Posted: Monday, December 06, 2010 by Travis Cody in
6


My pal Jamie from Duward Discussion has reintroduced her wonderful meme.  Take This Tune provides a musical prompt each week, usually a video with the song lyrics.  The task is to write something inspired by the song or something in the lyrics.

This week's prompt is the song I Am A Town, by Mary Chapin Carpenter.  Jamie writes of the song...
This wonderful song by Mary Chapin Carpenter is about all the small towns that we once knew that now are dying or changing beyond recognition.  We flee from them, remember them, hope to find them again as imagined, and miss them when they disappear.  They are hopes and dreams both fulfilled or dashed.

There's no place that evokes that kind of emotional connection for me.  I don't have any particular allegiances to a physical location.  There is no figurative "going home" that means anything to me.  None of my family is left in the place where I grew up and graduated from high school. 

In fact, I've often found inhabitants of small towns to be suspicious of strangers, resistant to change or progress, and generally unwelcoming.  Communities can sometimes be very provincial in their values. 

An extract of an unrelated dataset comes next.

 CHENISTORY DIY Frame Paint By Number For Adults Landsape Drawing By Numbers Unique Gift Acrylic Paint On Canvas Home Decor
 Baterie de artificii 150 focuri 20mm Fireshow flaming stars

So I'm not sure what to write for this particular prompt.  It isn't often that Jamie stumps me.  Usually I can find some kind of inspiration in the song or lyrics.

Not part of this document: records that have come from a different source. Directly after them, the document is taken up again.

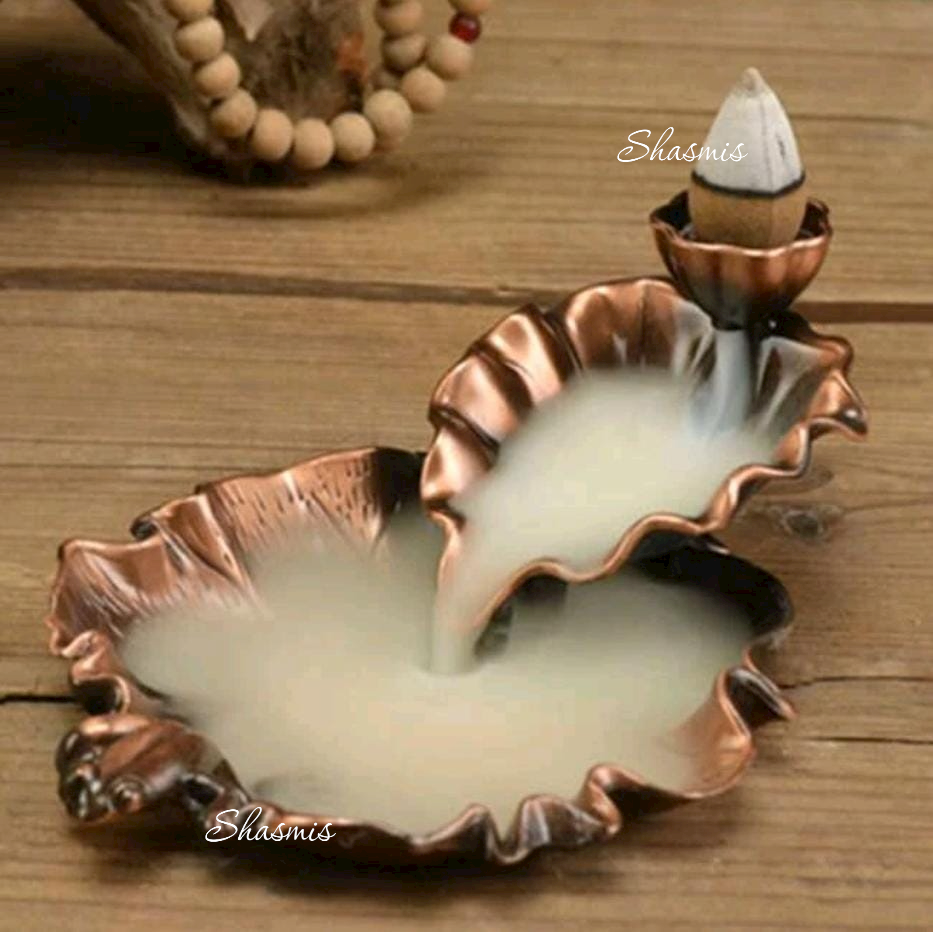 Back Flow Incense Holder, Includes 10 backflow incense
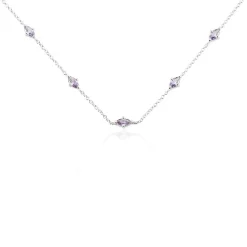 Histoire d'Or Collier Borya Argent Blanc Oxyde De Zirconium* Colliers|Colliers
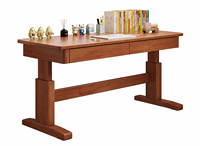 Bureau d'étude moderne et durable en bois clair, réglable en hauteur, avec tiroirs, pour étudiants, chambre à coucher, bureau à domicile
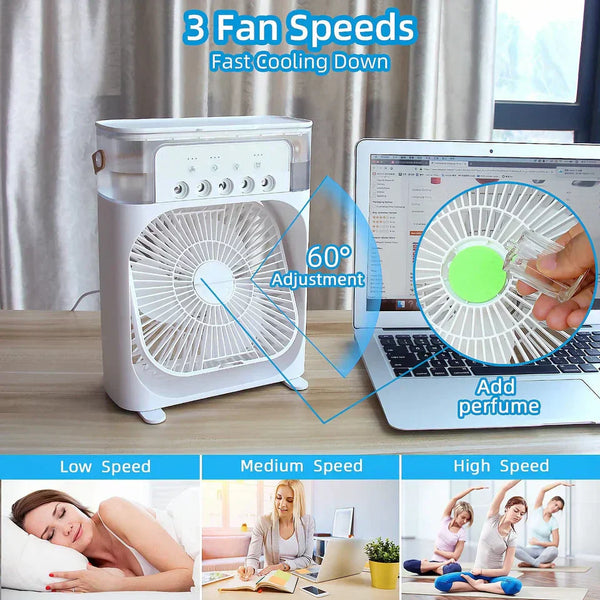 Portable Humidifier Air Cooling Conditioner Fan
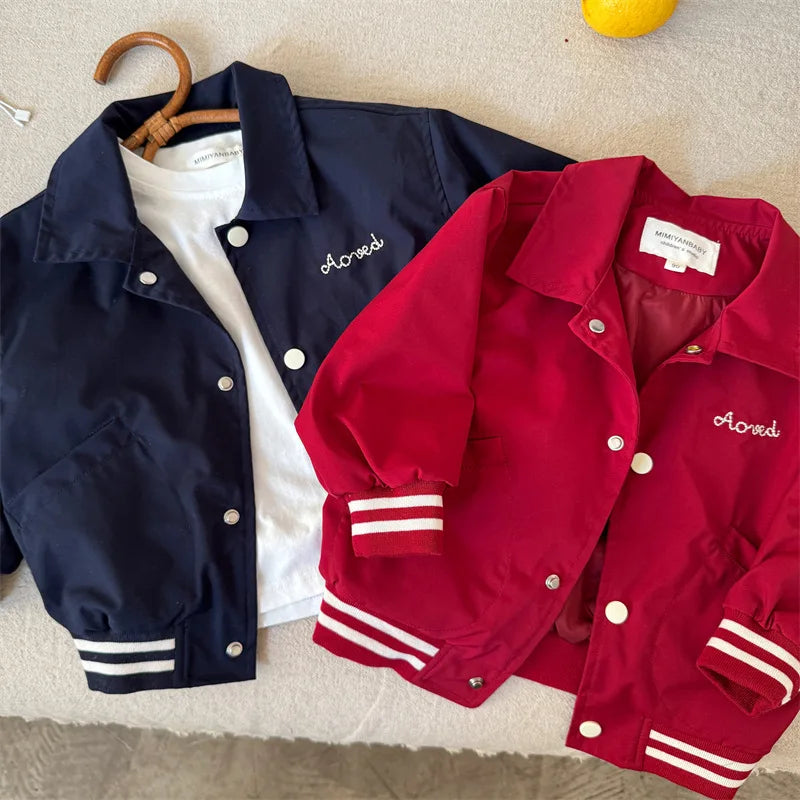 Cool & Stylish – Children's Baseball Jacket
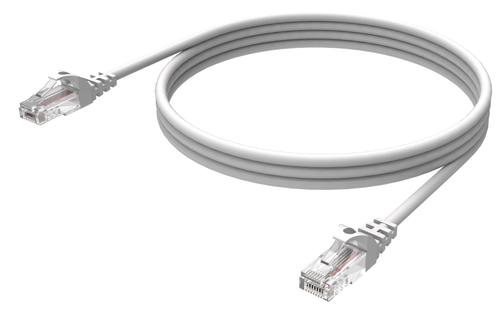 VISION Professional installation-grade Ethernet Network cable - LIFETIME WARRANTY - RJ-45 (M) to RJ-45 (M) - UTP - CAT 6 - 250 MHz - 24 AWG - booted - 2 m - white (TC 2MCAT6)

Oh well.  Maybe next week.

6 comments:

  1. Akelamalu says:

    I moved to this town 48 years ago so I guess I can call it home, though I still have an affinity with the town where I was born.

  1. DrillerAA says:

    I don't have any connection to my birth town other than the fact that my parents are now buried there. It is still a small town. We have watched our current place of residence grow out of being a true small town over the past 25 years. The growth has been both good and not so good. I do miss some of the true small town attributes, but I appreciate the new opportunities that have come to town as well. You just can't have it both ways, regardless of what the Chamber of Commerce tries to tell you.

  1. Coco says:

    I grew up in a tiny fishing village on the Bay of Fundy ... the main sources of employment there were the sawmill, the gypsum mine and, as you might guess, fishing. The sawmill is now a shadow of its former self, the gypsum mine is closed, and who knows how long the fishing will hold out?

    I grew up and moved away, but my parents still lived there so my hometown remained part of my life. Now, although I don't live there, I have chosen to give back to that community by taking a teaching position in the local school.

  1. Small towns can be wonderful to insiders and not so much to outsiders. IN addition, remaining an insider in a small town takes some effort and sometimes supressing one's natural wishes.

  1. Even in not saying anything, you still come up with something meaningful to say. I gotta get suggestions from people if anyone wants to throw some my way.

  1. Cleveland was a small town once long ago. many areas were towns in their own right that became greater Cleveland,one such town that got annexed is Ohio City now part of the west side of Cleveland.